Hem saçlarını seviyor hem de her kelimesinin ardından o yumuşacık tutamları öpüyordu. Bir saat öncesinden ona karşı düşünceleri yüzünden kendinden bile tiksinirken şimdi göğsüne sakladığı kara kedisinin tüylerini okşayıp öperek geleceğe yeminler veriyordu. Sahi Alperen'i içtiği aslan sütü mü çarptı da koca adam şimdi bu hale geldi?

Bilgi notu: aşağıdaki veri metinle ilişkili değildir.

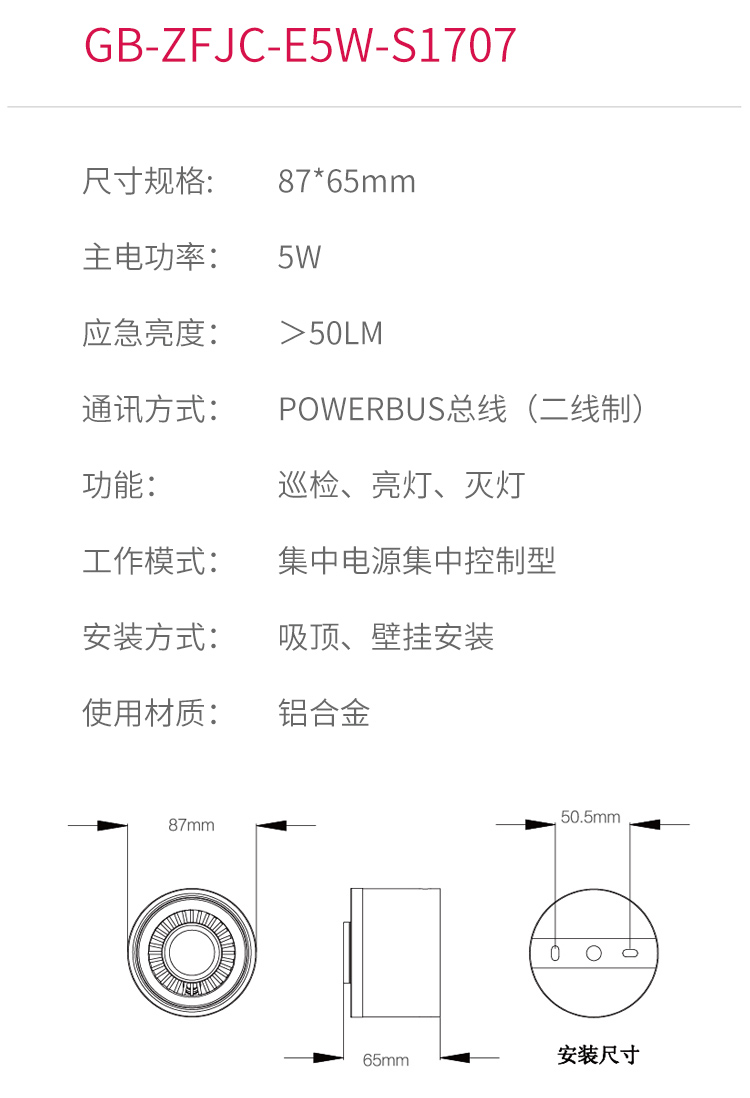 S1707藝光智能消防集中電源集中控制型應(yīng)急照明燈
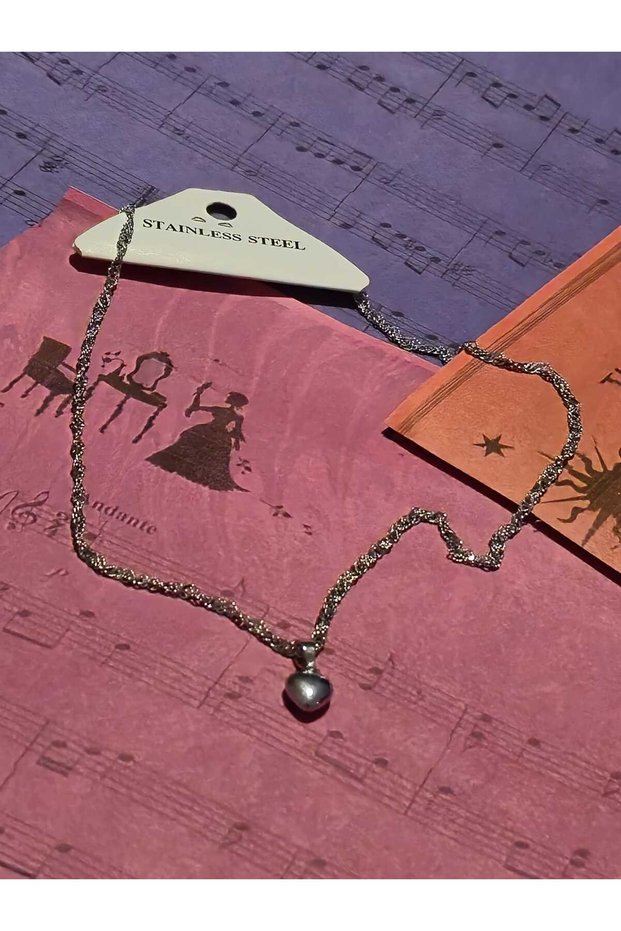 Steel Heart Necklace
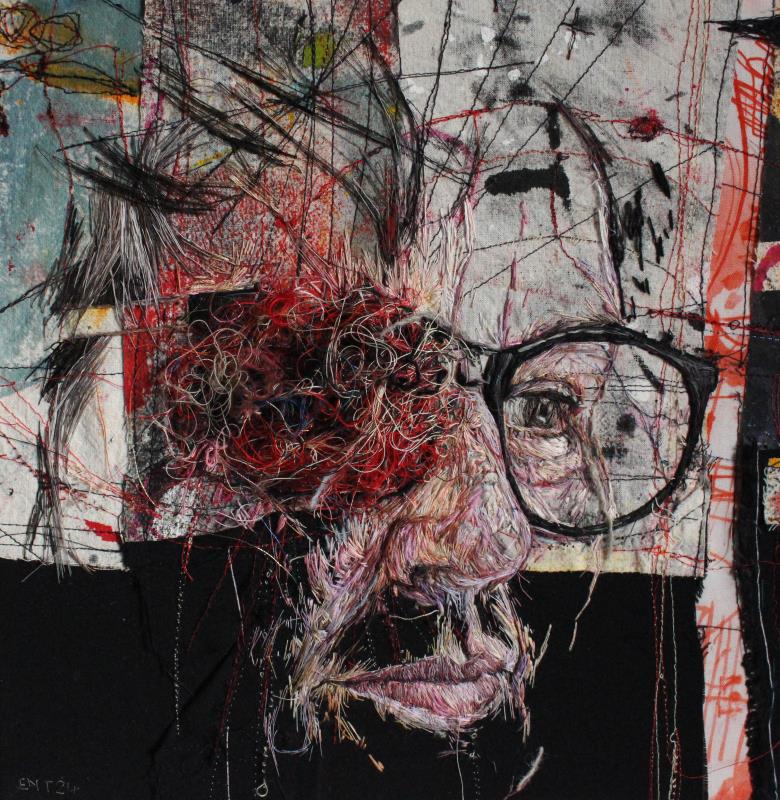 The Clarity Of Untangling The Threads (portrait of a stitch artist) 2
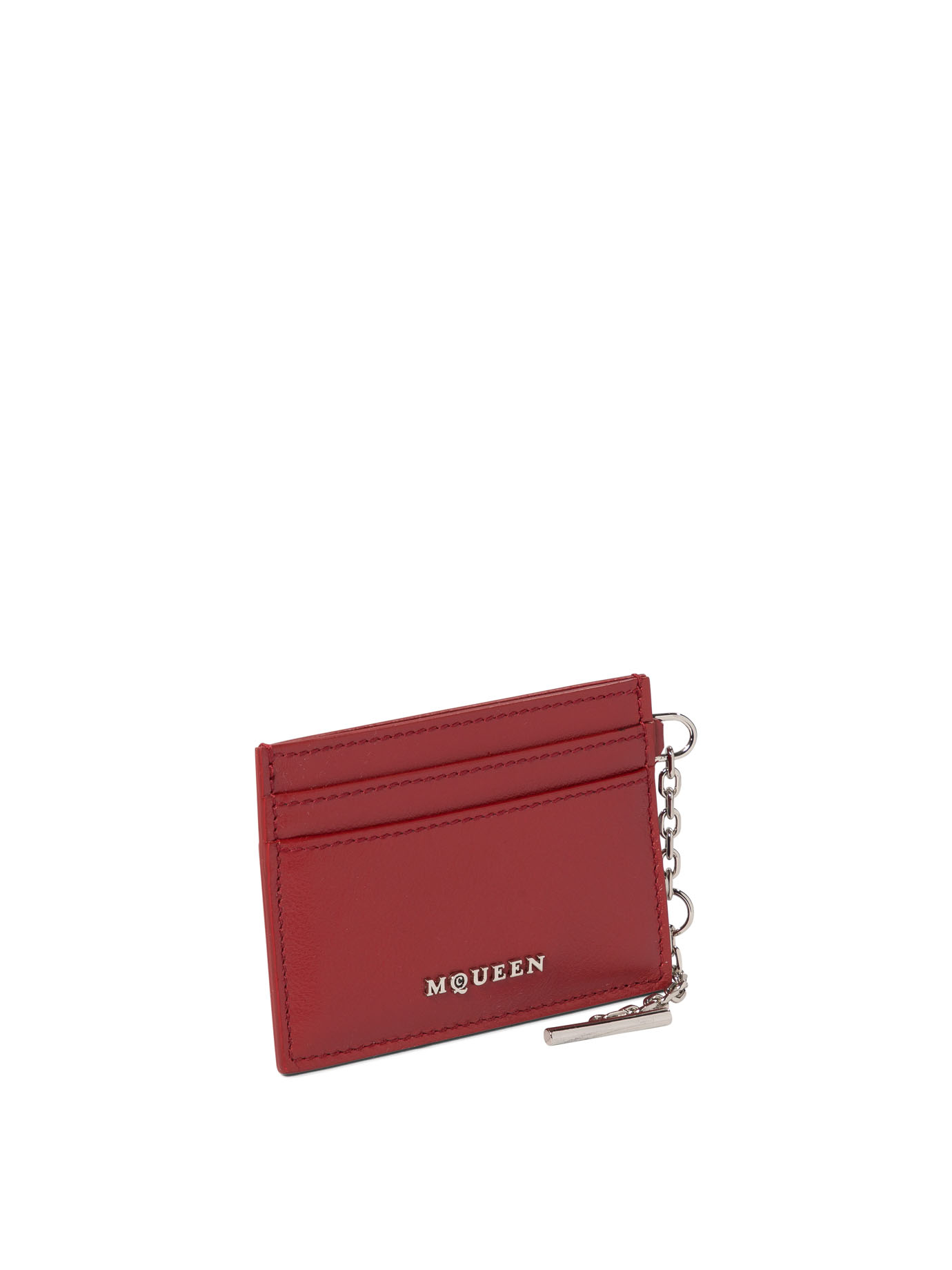 ALEXANDER MCQUEEN Red Sling card holder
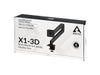 Arctic Cooling Supports de table X1-3D jusqu’à 10 kg – Noir mat, Noir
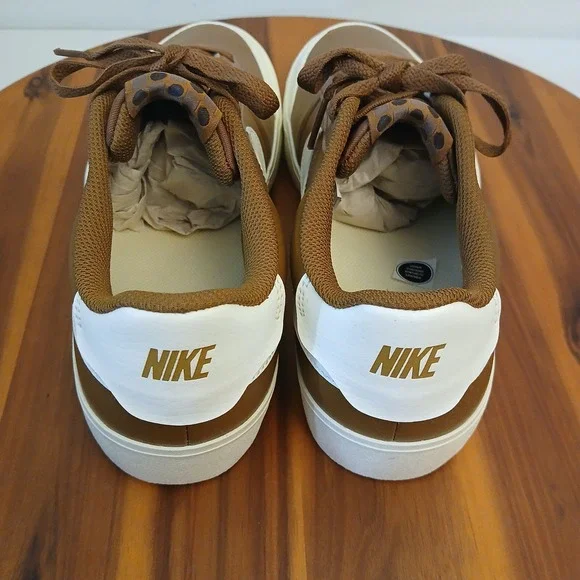 Nike Court Shot Mens 8 British Tan Low Top Board Shoes Sneakers FQ8146-201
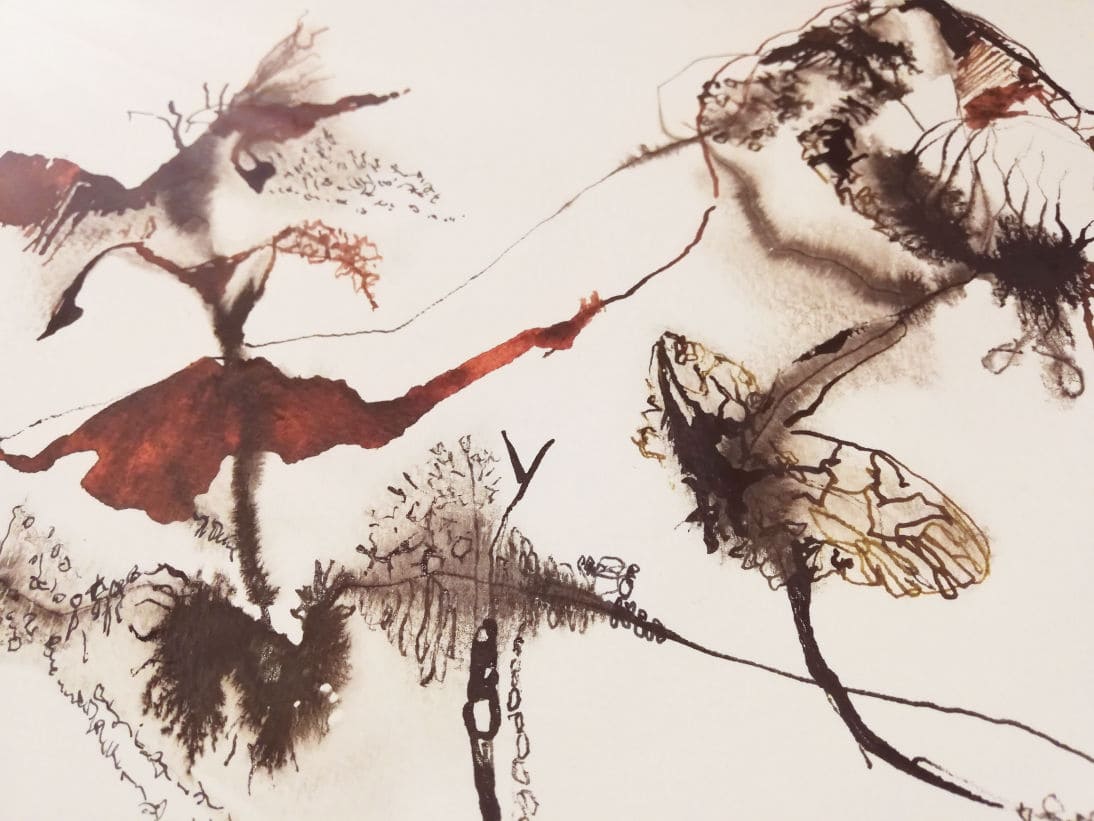 Serie Mutaciones-2021-Tev mixta sobre papel algodón 300 gm-Med variable 45x36 cms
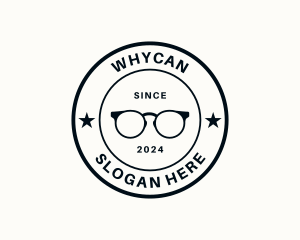 Optometry - Eyeglass Fashion Emblem logo design
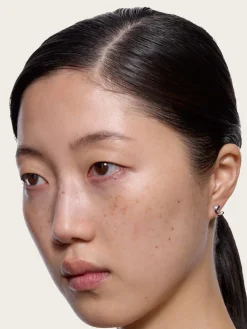 Dolphin Pool Studs Pair - Silver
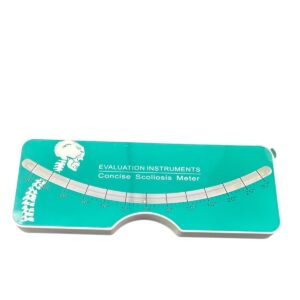 Skolyometre Skolyoz Ölçer Yeşil Renkli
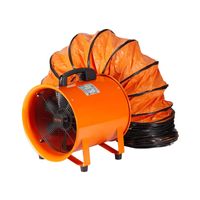 Bauventilator 367 W 2800 U/min 4373 m³/h Baugebläse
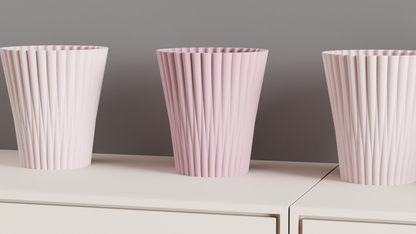 Modern Vase, Geometric Bidirectional Tabletop Accent, Minimal Japandi Floral Holder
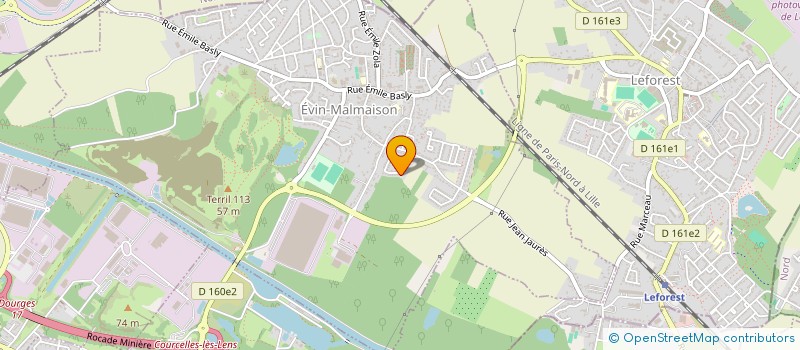 localisation de l'entreprise LENDATA  EVIN-MALMAISON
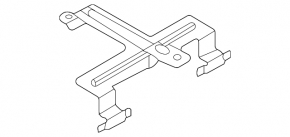 Battery Mount Nissan Rogue 21-24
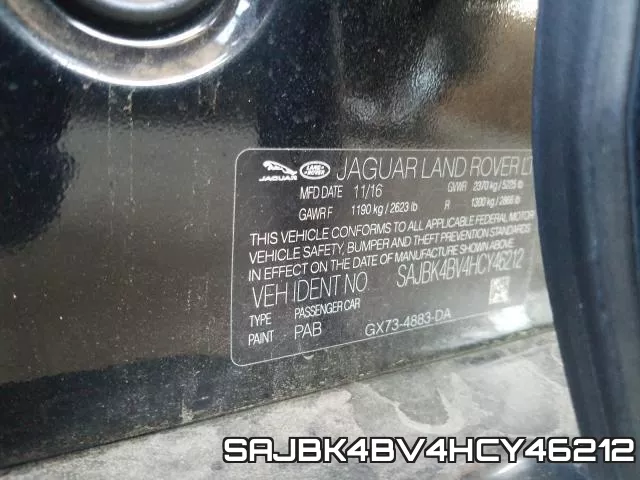 SAJBK4BV4HCY46212 фото 2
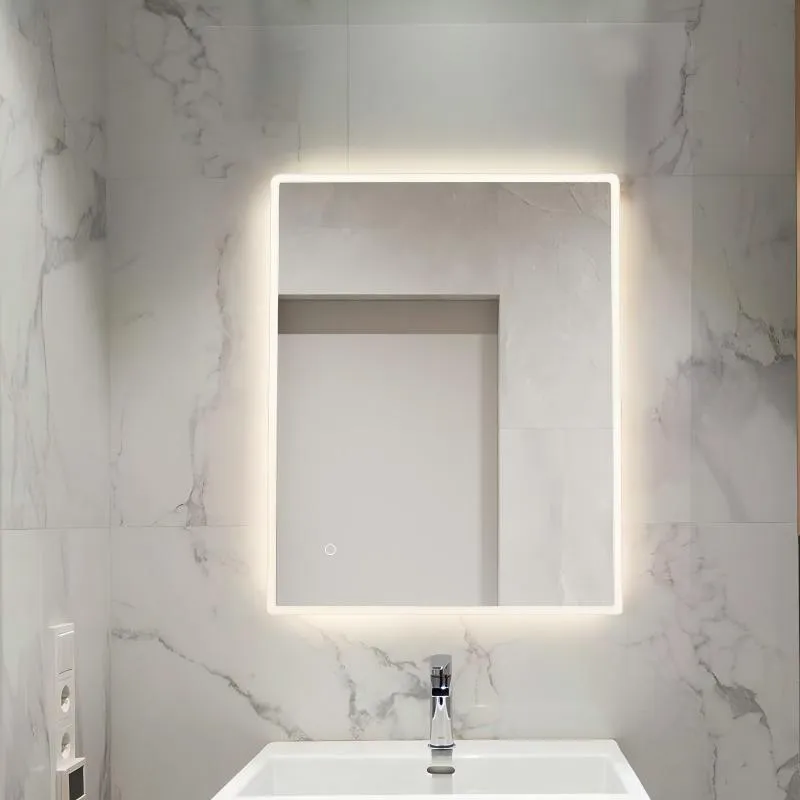 NISSIYA S-Series Ultra-Slim LED Bathroom Mirror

Eğer ki Miran bu kadar fena olmasaydı Alperen yine şu an ki hali gibi olabilecek miydi? O değil miydi kıskançlıktan kendini dans eden insanların arasına atıp oğlanı kırmızılı kızdan çekip alan. O anki niyetiyle Miran' ı dükkana getirdiğinde ona bağırıp çağıracak olmayacak laflar edecekti. Belki mahalleye gelme sebebini öğrenecek kızlardan uzak dur diyecekti. Oğlan da ona karşılık verip ters ters konuşarak yine onu sinir ederdi. Belki... Belki kavga da etseler o an kara oğlanın zeytin gözlerine, gece siyahı saçlarına, köfte dudaklarına uzun uzun bakma şansı yakalardı Alperen. Dip dibeyken güzelliğini daha yakından görmek nasip olursa tüm siniri uçar giderdi, bilinmez. Ya da üç gündür aklını istila eden oğlana hesap sorardı.

"Ne hakkın var da gözlerindeki dipsiz kuyularda beni boğuyorsun?

Ne cüretle güzelliğinle beni yanlışa sürüklüyorsun kara oğlan?" derdi.

Her şeyi derdi dermesine de bir tek kendine ne hissettiğini cesaret edip de adam gibi söyleyemezdi. Korkusundan değil kendine konduramadığından. Şu anki hali tavrı da kontrolünü kaybettiğindendi. Miran kendisinde olsaydı o da biliyordu ki ona karşı böyle apaçık olamazdı.

Hala korkarak ağlayan oğlanı daha fazla karanlıkta tutmamak için yavaşça ondan ayrılıp dükkanın ışıklarını açtı. Işıkların altında yerde iki büklüm ağlamaya devam eden oğlana bakmak karanlıktayken bakmaktan daha zordu. O kadar çaresiz o kadar savunmasızdı ki Miran, ona acımakla sevmek arasında gidip geliyordu Alperen'in yüreği.

Eğilip onu kucakladığı gibi dükkanın arkasında kendine dinlenme yeri yaptığı alana taşıyıp iki kişilik koltuğa yatırdı oğlanı. Kendi güçlü kollarında kuş kadar kalmıştı kara kedisi.

"Yapma.. Bırak..."

Oğlan önünde yatıyordu ama sanki zihni bambaşka boyuttaydı.

"Şşşhh... Bir şey yapmayacağım sakin ol hadi.. Miran... Aç gözlerini"

Eliyle Miran'ın terden alnına yapışmış saçlarını yavaşça geriye doğru tarayıp beyaz gömleğinin yakasından bir iki düğme daha açtı ki rahatlasın. Parmak uçları esmer göğüse değerken alev alev yanıyordu Alperen. Aklından sapıkça şeyler geçirdiği ya da o an oğlanı çok arzuladığı için değil sadece ona istemeden dokunmak bile ağır geliyordu çelişkili ruh haline. Oğlanın kendini sıkmaktan sımsıkı yumruk yaptığı ellerini açmaya çalışırken zorlandı.